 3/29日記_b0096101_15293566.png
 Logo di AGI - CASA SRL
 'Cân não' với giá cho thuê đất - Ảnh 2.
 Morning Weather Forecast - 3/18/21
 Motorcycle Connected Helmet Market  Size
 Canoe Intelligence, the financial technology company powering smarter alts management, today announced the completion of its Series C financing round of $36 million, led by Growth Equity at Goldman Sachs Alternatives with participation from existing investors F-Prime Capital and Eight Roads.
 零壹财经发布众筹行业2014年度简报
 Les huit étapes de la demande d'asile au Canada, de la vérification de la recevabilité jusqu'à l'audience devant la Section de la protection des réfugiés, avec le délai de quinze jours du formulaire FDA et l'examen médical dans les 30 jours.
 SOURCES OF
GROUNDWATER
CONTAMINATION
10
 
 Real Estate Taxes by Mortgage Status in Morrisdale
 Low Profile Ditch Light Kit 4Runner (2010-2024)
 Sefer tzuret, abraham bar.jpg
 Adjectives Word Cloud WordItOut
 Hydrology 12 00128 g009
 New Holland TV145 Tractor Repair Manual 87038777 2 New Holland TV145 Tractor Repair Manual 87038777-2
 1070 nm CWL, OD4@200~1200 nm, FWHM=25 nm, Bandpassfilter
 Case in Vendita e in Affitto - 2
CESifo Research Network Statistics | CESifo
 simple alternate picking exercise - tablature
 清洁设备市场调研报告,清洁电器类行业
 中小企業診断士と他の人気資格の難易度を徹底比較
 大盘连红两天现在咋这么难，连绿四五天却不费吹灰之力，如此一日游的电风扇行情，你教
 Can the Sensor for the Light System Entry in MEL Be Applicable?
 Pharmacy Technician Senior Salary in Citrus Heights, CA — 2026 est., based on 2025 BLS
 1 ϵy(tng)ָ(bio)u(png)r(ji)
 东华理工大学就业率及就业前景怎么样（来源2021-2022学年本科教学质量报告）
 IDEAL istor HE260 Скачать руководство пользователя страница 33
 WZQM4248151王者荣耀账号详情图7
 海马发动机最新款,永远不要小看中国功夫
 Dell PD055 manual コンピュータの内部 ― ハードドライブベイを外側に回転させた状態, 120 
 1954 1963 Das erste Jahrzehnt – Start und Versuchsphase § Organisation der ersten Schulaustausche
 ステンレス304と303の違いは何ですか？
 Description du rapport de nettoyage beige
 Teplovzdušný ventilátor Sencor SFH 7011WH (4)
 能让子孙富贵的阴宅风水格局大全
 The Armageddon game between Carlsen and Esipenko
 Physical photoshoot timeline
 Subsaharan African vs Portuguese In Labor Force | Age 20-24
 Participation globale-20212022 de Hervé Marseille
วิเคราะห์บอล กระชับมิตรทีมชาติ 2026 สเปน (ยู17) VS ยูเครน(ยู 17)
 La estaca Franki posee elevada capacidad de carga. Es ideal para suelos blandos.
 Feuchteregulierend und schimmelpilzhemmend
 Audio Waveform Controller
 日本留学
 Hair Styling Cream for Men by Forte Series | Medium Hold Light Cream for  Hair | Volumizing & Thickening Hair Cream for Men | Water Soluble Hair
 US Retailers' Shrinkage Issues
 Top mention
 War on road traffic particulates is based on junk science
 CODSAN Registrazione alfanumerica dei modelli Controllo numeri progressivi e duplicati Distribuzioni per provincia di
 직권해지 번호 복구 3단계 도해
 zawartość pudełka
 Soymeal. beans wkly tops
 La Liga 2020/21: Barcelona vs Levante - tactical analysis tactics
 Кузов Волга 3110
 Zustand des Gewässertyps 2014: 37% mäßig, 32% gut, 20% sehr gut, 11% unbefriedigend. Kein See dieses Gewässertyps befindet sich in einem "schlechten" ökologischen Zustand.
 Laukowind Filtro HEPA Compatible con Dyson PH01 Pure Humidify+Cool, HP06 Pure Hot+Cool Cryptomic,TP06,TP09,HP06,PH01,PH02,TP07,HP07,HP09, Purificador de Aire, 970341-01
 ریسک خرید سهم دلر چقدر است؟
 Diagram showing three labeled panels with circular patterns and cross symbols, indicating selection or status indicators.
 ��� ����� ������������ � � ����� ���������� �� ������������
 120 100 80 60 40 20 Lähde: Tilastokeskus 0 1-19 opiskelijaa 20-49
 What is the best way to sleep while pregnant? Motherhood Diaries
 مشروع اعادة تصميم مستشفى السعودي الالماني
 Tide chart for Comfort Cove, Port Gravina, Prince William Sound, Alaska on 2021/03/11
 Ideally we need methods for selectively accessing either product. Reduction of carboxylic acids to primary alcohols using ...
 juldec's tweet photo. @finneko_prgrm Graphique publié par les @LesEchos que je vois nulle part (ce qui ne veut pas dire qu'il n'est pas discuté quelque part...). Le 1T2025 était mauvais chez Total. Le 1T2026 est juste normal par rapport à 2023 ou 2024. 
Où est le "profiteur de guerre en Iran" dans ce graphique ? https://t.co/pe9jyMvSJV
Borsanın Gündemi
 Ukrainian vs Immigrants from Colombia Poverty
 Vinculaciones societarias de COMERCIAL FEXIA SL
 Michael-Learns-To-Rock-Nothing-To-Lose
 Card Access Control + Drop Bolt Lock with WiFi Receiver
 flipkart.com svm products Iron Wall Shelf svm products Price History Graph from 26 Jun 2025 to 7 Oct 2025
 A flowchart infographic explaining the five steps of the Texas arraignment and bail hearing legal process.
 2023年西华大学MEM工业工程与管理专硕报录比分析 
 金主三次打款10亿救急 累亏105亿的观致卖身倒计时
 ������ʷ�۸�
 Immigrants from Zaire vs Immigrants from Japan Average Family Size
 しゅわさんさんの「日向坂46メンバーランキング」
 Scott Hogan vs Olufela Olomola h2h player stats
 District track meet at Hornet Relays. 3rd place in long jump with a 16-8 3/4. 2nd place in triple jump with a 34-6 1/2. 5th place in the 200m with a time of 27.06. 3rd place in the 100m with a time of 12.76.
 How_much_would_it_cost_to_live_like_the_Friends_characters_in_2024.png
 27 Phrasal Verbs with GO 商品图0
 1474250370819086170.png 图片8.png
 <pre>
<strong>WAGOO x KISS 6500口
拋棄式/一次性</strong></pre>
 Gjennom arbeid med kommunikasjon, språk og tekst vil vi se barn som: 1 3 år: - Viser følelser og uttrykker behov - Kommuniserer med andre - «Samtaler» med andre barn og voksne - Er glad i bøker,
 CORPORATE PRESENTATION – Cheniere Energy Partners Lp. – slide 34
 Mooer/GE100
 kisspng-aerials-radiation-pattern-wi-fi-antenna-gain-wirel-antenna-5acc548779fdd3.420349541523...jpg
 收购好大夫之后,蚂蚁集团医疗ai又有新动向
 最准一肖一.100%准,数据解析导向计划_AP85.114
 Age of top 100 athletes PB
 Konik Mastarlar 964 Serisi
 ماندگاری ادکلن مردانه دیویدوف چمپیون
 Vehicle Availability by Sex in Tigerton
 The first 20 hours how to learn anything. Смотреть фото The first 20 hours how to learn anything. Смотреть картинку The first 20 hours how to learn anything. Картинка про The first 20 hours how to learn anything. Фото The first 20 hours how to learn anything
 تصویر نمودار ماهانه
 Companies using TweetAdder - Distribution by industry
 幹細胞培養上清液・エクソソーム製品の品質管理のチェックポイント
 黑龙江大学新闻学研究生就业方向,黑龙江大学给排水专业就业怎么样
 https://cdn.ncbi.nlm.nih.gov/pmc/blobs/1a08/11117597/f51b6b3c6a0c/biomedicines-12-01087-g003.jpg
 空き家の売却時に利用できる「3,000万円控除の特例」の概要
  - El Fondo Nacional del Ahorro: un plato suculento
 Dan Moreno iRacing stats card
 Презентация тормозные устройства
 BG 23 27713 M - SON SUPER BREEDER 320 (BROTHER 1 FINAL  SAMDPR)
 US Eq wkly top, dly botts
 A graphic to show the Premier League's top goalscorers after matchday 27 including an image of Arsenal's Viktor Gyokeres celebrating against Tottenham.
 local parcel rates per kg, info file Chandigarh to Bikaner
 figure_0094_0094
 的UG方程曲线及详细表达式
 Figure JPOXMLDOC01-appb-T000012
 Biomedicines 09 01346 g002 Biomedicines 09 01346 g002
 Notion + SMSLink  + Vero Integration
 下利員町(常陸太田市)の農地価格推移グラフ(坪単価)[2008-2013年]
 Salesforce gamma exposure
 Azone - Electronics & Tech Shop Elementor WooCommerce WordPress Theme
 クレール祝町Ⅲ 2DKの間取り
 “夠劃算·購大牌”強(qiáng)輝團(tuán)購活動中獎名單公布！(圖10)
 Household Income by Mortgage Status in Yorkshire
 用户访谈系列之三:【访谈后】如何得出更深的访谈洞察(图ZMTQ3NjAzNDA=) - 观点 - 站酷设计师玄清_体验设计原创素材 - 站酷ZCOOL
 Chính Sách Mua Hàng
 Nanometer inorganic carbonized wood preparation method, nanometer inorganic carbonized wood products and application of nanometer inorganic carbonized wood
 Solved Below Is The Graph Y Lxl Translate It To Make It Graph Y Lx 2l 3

^^^^^^^^

• **WHAT THE EXERCISE ASKS**:
Copy the lines above exactly. Start with the line containing "What is the", end with the line containing "Vehicle Availability by Sex in Tigerton", and include both.

• **COMPLETED EXERCISE**:
 What is the best way to sleep while pregnant? Motherhood Diaries
 مشروع اعادة تصميم مستشفى السعودي الالماني
 Tide chart for Comfort Cove, Port Gravina, Prince William Sound, Alaska on 2021/03/11
 Ideally we need methods for selectively accessing either product. Reduction of carboxylic acids to primary alcohols using ...
 juldec's tweet photo. @finneko_prgrm Graphique publié par les @LesEchos que je vois nulle part (ce qui ne veut pas dire qu'il n'est pas discuté quelque part...). Le 1T2025 était mauvais chez Total. Le 1T2026 est juste normal par rapport à 2023 ou 2024. 
Où est le "profiteur de guerre en Iran" dans ce graphique ? https://t.co/pe9jyMvSJV
Borsanın Gündemi
 Ukrainian vs Immigrants from Colombia Poverty
 Vinculaciones societarias de COMERCIAL FEXIA SL
 Michael-Learns-To-Rock-Nothing-To-Lose
 Card Access Control + Drop Bolt Lock with WiFi Receiver
 flipkart.com svm products Iron Wall Shelf svm products Price History Graph from 26 Jun 2025 to 7 Oct 2025
 A flowchart infographic explaining the five steps of the Texas arraignment and bail hearing legal process.
 2023年西华大学MEM工业工程与管理专硕报录比分析 
 金主三次打款10亿救急 累亏105亿的观致卖身倒计时
 ������ʷ�۸�
 Immigrants from Zaire vs Immigrants from Japan Average Family Size
 しゅわさんさんの「日向坂46メンバーランキング」
 Scott Hogan vs Olufela Olomola h2h player stats
 District track meet at Hornet Relays. 3rd place in long jump with a 16-8 3/4. 2nd place in triple jump with a 34-6 1/2. 5th place in the 200m with a time of 27.06. 3rd place in the 100m with a time of 12.76.
 How_much_would_it_cost_to_live_like_the_Friends_characters_in_2024.png
 27 Phrasal Verbs with GO 商品图0
 1474250370819086170.png 图片8.png
 <pre>
<strong>WAGOO x KISS 6500口
拋棄式/一次性</strong></pre>
 Gjennom arbeid med kommunikasjon, språk og tekst vil vi se barn som: 1 3 år: - Viser følelser og uttrykker behov - Kommuniserer med andre - «Samtaler» med andre barn og voksne - Er glad i bøker,
 CORPORATE PRESENTATION – Cheniere Energy Partners Lp. – slide 34
 Mooer/GE100
 kisspng-aerials-radiation-pattern-wi-fi-antenna-gain-wirel-antenna-5acc548779fdd3.420349541523...jpg
 收购好大夫之后,蚂蚁集团医疗ai又有新动向
 最准一肖一.100%准,数据解析导向计划_AP85.114
 Age of top 100 athletes PB
 Konik Mastarlar 964 Serisi
 ماندگاری ادکلن مردانه دیویدوف چمپیون
 Vehicle Availability by Sex in Tigerton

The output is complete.